The other side of the coin is that the City pays through the nose for much of its subsidized housing because there are landlords who also abuse the system. And break the law by not keeping buildings up to code and safe. It’s a vicious cycle, but there is no excuse- none- for allowing a building to fall down around its tenants and then complain they don’t pay you enough rent. I doubt Ms. Gelinas has ever set foot in a tenement building and seen first hand the terrible conditions poor people are often forced to live in. No- I think she doesn’t have time between the Institute and the spa. To actually blame tenants for a landlord’s irresponsibility is outrageous. If a landlord is not making money he should get out of the business. If he will not assume the responsibility of being a landlord, he has no right being one. The rent stabilized building I lived in for many years was always well-maintained and the landlady insisted it be so. Because that’s the way she does business. And she holds quite a few properties- all of them kept up. Trust me- she is not starving.

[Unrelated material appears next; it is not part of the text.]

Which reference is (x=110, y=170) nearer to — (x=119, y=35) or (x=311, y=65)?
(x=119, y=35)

And speaking of dysfunctional, what else can you call the kind of ultra right-wing conservative thinking Gelinas and the Manhattan Institute indulge in? I think we can all agree the system is flawed and that there is enough blame for both sides. But let developers have free rein? That’s a mistake that will create only luxury housing and enormous hi-rises while taking subsidies for and breaking their promises to build affordable housing. It’s already happening. Gelinas makes the mistake of thinking the City will survive and prosper with just the rich. Which tells me she neither understands the mechanisms by which Cities exist, nor the importance of the interrelationships between all sectors.
I think the ultra right would love to make NYC into the world’s largest gated community, where they don’t have to sully their delicate sensibilites by seeing the poor and unfortunate, industry or real life.